▶ Exercise aim
Beginning with the line containing "Clinical Complexions- Merrillville" and ending with the line containing "معاینه مقعدی برای", write out each line of the records below exactly; pictures and lines outside that range are left out.

▶ Data for the task
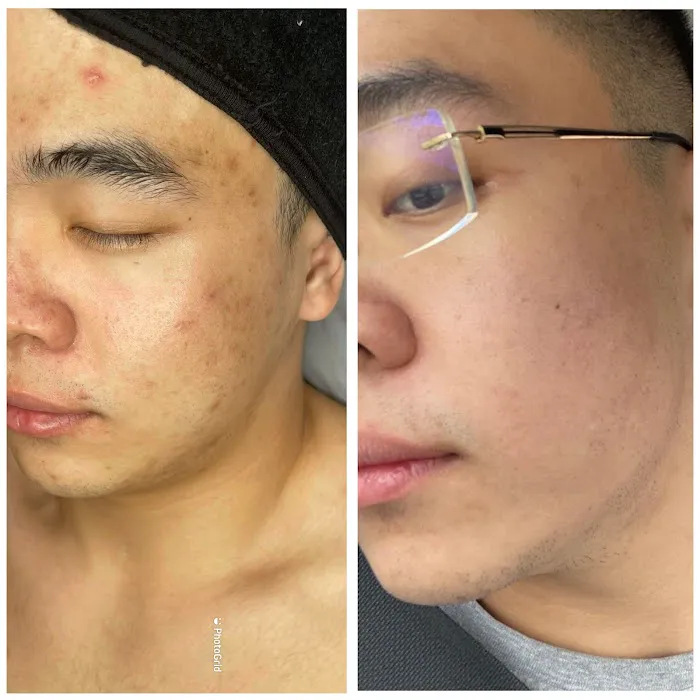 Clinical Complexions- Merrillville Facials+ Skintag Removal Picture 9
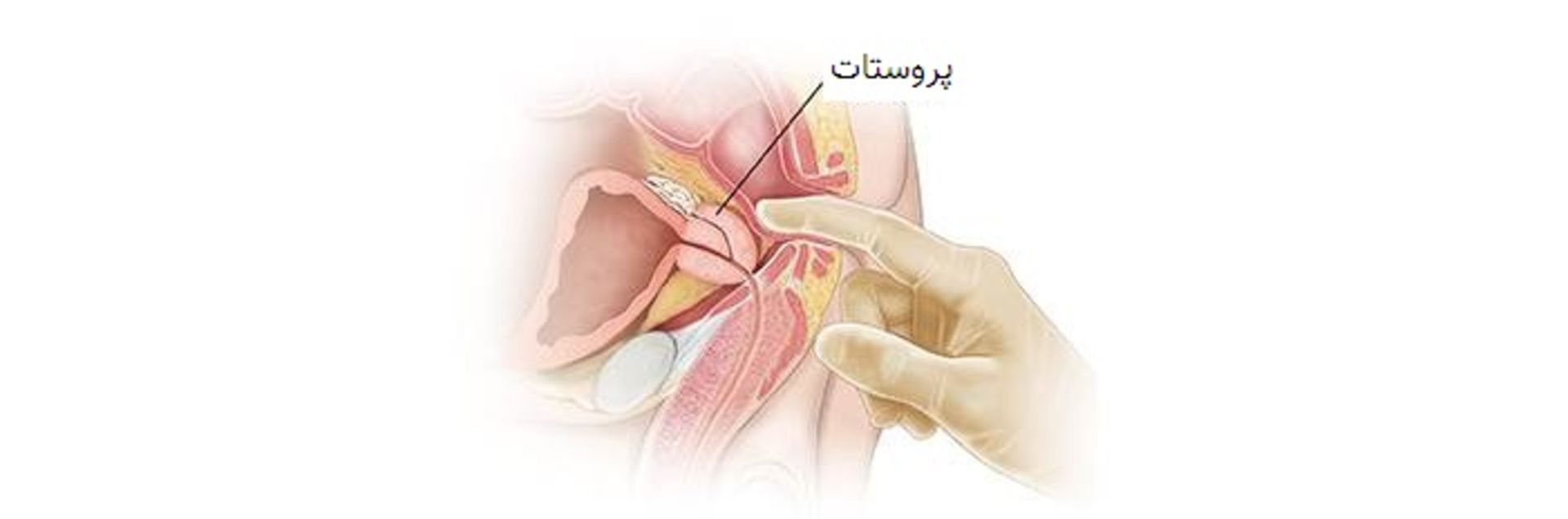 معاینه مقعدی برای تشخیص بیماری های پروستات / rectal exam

--

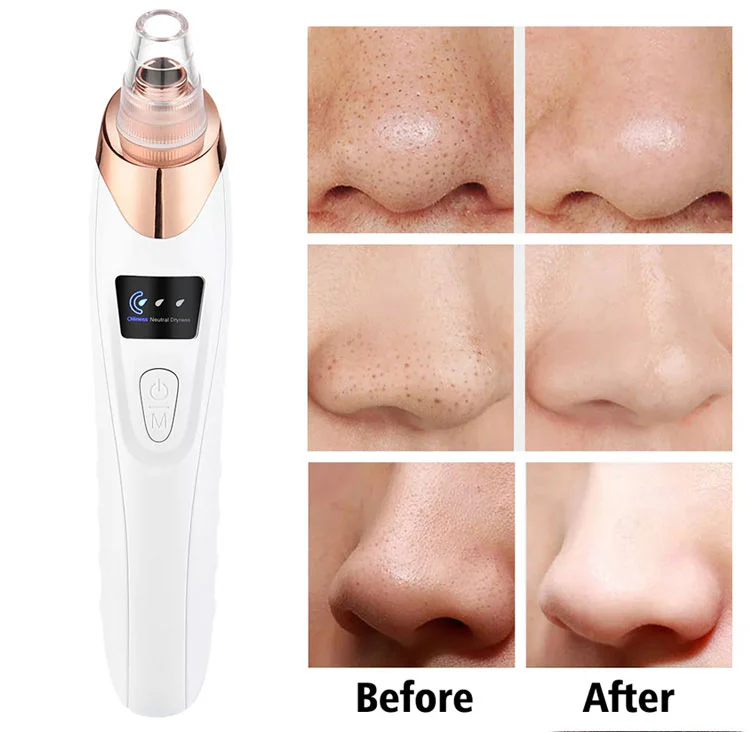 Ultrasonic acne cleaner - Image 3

▶ Solution for this task
 Clinical Complexions- Merrillville Facials+ Skintag Removal Picture 9
 معاینه مقعدی برای تشخیص بیماری های پروستات / rectal exam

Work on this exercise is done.